To spur credit growth, which was at 7.5 per cent in November, the central bank lowered the amount of deposits that lenders must hold as reserves on a daily basis to 4.5 per cent from 5 per cent. Banks will still be required to maintain an average reserve ratio of at least 6.5 per cent over a two-week period. 

David Sumual, chief economist at PT Bank Central Asia in Jakarta, said the impact of the changes to the reserve ratio requirement will probably be muted.

"It will not help much in boosting the credit as long as the demand for credit is still shallow," he said. "It will only give flexibility for the banks in managing liquidity - strengthening their liquidity management - from a short-term horizon to a longer one."

The central bank expects loan growth to pick up this year to 10 per cent to 12 per cent, while the economy will improve, supported by a pick-up in household consumption and stronger exports, Mr Waluyo said.

Frederico Gil Sander, the World Bank's chief economist for Indonesia, said the challenge for the central bank was to improve the transmission of monetary policy, since lower interest rates haven't boosted credit demand.

"We do think that the monetary policy stance is adequate," he said in an interview in Jakarta on Friday.
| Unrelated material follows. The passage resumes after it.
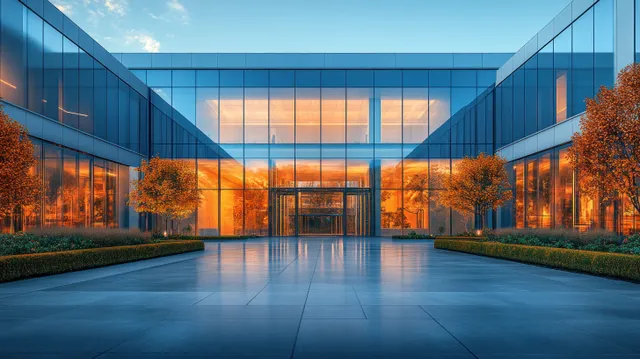 Modern apartment courtyard between glass facades and balconies with warm sunset sky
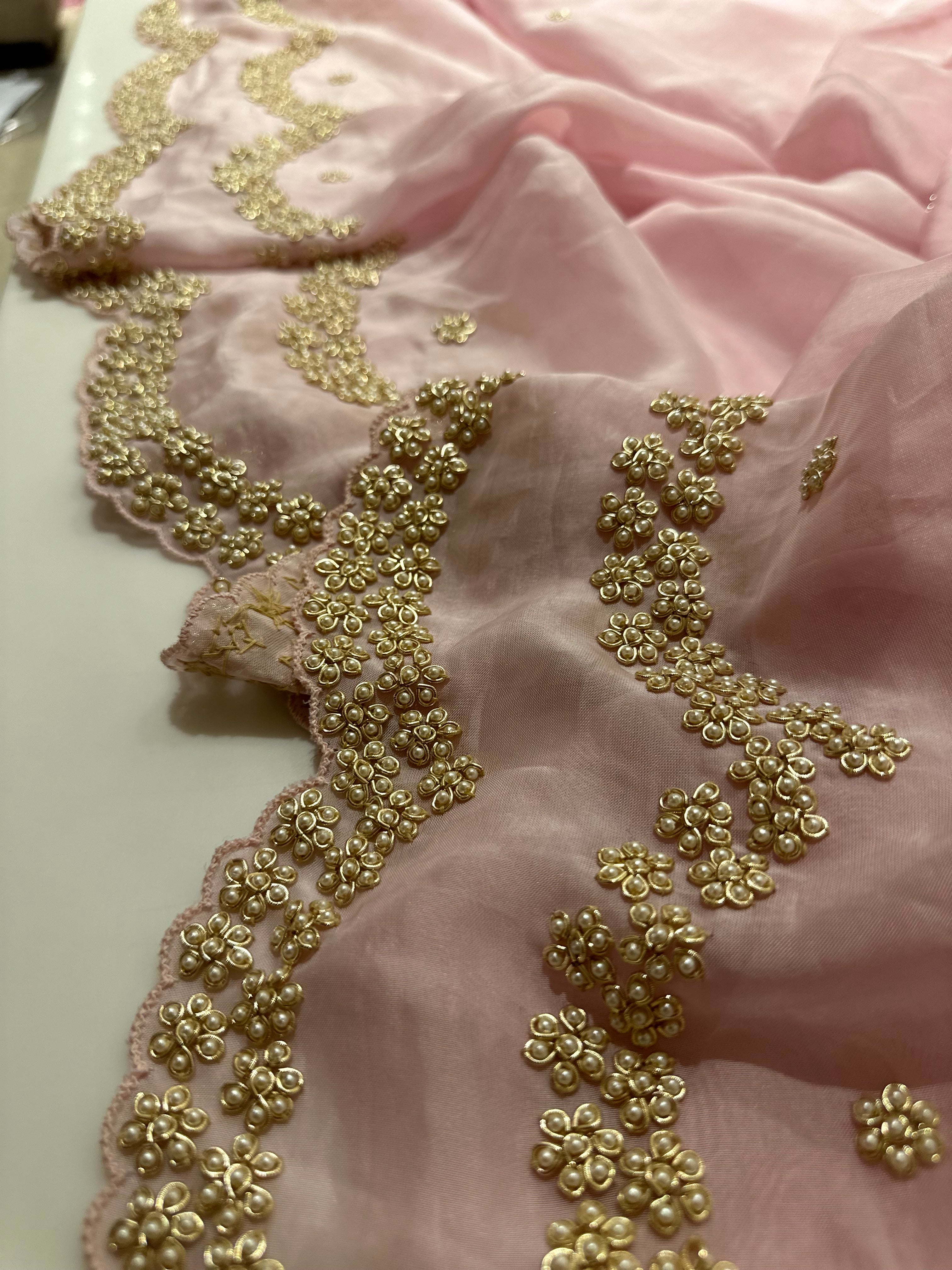 Lotus Pearl Pink Saree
It's been important for Bank Indonesia to focus on the transmission mechanism "rather than necessarily the policy rate," he said.

Other key points from the monetary policy statement: Growth estimate for 2018 maintained at 5.1 per cent to 5.5 per cent; daily minimum primary reserve ratio for Islamic lenders set at 3 per cent with two-week average of at least 5 per cent; the rupiah rose 0.4 per cent to 13,297 per dollar as at 1.15pm in Jakarta; and the currency has gained more than 2 per cent this month, among the best performers in Asia.